The study shows that among patients hospitalized with COVID-19 during the Delta-predominant period (October 1, 2021–December 18, 2021) compared to the Omicron BA.5-predominant period (June 19, 2022–September 30, 2022), the severity of outcomes decreased as the percentage of COVID-19 patients who were admitted to the ICU, received invasive treatment, and died in the hospital decreased over time. Although there was an overall decline in severity of COVID-19 hospitalizations during the full study period, the severity was similar during the two most recent Omicron sublineage periods (BA.2 [March 20, 2022–June 18, 2022] and BA.5). There are several likely reasons for the reduced severity of COVID-19, including increased population immunity from vaccination and prior infections, increased availability of effective treatments, and updated clinical management strategies.
Comparing clinical outcomes between people who were hospitalized with COVID-19 Omicron BA.5 versus people who were hospitalized with flu during the 2021–2022 season, a similar percentage of patients were admitted to the ICU and received invasive and noninvasive respiratory support. A higher percentage of patients hospitalized with Omicron BA.5 compared with flu received medication to increase blood pressure, received treatment to support function during kidney failure, and, among people 18 to 49, died in the hospital. For all other age groups, there was no difference in deaths of adults hospitalized with Omicron BA.5 and flu, including among older adults.

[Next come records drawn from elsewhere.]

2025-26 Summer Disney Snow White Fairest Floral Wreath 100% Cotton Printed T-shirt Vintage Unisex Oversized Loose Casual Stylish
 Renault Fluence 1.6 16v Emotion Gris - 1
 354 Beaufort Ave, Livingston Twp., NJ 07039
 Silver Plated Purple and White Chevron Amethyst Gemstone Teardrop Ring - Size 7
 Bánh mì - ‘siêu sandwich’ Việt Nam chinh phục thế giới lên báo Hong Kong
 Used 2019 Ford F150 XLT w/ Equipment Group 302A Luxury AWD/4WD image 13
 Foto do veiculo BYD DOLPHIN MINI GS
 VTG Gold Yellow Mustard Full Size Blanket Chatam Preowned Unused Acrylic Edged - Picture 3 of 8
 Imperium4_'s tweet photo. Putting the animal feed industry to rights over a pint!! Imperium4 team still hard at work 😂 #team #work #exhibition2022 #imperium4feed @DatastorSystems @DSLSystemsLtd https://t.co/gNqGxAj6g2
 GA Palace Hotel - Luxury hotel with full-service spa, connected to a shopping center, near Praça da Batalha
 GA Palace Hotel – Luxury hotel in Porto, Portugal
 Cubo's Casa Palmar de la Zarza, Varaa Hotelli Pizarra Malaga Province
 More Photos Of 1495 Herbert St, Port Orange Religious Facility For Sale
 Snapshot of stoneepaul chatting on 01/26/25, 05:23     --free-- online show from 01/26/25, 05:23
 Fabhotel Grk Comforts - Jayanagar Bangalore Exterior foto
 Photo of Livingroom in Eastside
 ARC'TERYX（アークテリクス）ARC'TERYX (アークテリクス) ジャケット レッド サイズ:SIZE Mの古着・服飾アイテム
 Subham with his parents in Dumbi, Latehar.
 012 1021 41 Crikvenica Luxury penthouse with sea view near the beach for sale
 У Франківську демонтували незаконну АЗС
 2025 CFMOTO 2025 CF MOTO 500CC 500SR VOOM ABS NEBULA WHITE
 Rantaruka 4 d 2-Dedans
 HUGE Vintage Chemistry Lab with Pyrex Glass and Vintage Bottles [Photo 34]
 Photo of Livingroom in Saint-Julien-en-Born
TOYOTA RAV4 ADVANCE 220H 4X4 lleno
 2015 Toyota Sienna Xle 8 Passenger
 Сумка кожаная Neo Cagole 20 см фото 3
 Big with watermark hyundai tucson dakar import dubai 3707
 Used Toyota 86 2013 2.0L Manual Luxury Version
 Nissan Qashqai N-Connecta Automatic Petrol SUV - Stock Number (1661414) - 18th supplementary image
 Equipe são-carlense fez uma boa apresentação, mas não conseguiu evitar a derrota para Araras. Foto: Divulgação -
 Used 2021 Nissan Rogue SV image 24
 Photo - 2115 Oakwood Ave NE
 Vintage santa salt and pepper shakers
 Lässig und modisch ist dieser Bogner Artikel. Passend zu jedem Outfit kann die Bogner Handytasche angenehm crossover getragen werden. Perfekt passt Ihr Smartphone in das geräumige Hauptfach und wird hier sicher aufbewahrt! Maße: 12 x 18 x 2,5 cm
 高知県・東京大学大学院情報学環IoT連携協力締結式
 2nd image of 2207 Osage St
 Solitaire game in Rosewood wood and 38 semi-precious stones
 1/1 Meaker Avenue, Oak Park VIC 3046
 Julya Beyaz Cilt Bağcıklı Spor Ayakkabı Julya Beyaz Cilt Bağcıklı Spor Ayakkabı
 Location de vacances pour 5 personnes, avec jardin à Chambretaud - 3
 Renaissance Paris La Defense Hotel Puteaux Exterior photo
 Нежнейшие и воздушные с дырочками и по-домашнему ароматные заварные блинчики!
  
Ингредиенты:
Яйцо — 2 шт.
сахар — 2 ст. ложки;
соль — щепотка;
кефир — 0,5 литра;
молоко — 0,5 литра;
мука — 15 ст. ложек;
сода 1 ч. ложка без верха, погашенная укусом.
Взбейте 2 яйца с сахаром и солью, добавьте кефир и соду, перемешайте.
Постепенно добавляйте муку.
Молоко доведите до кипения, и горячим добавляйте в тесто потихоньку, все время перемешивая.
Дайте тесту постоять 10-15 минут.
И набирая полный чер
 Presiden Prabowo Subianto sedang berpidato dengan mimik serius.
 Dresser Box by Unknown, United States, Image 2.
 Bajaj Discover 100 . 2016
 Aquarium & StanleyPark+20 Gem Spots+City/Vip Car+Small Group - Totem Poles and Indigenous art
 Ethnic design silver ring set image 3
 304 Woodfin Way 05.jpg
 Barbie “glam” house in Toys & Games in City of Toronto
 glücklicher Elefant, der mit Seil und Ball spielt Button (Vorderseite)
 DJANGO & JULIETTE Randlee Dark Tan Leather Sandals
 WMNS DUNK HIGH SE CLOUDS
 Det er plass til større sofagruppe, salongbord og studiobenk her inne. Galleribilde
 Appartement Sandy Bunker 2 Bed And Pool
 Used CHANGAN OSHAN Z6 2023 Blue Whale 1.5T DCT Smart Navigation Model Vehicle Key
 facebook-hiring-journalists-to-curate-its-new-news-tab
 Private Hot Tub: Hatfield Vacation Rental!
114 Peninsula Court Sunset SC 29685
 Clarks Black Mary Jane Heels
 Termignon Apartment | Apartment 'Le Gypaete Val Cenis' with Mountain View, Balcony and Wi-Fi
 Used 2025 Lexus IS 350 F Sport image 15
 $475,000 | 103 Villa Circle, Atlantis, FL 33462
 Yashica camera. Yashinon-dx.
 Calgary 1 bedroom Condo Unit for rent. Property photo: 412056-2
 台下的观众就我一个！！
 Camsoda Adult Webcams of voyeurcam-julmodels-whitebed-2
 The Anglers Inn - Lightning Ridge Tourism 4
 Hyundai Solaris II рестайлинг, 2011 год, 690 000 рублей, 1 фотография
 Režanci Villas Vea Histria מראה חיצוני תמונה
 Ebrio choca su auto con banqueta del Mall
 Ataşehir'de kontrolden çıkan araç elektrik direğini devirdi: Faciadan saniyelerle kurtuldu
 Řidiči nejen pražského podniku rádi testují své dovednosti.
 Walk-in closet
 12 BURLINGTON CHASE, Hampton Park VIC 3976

The median ages of people hospitalized with COVID-19 during the Delta- and Omicron-predominant periods were 59 and 61 years, respectively. The median age of people hospitalized with flu was 68 years. The majority of people who were hospitalized with flu (90.7%) or COVID-19 Omicron BA.5 (91.6%) had at least one underlying medical condition that put them at higher risk of severe outcome.
Vaccination is important for people who are at higher risk of developing serious complications from flu or COVID-19. Among Delta- and Omicron BA.5-predominant-periods, about 30% of patients hospitalized with Delta variant virus infections and 70% of those with Omicron BA.5 variant virus infections received at least a primary COVID-19 vaccination series. In comparison, about 56% of people who were hospitalized with flu had received a current season flu vaccine. Getting vaccinated can reduce the risk of getting sick and make illness less severe in people who get vaccinated but still get sick.
Antiviral medications are a second line of defense available for treatment of flu and COVID-19 and can reduce the risk of severe illness, hospitalization, and death.
Other preventive actions like avoiding close contact with people who are sick, washing hands, covering coughs and sneezes, cleaning and disinfecting, and improving airflow can additionally help reduce the spread of respiratory illnesses, like flu and COVID-19.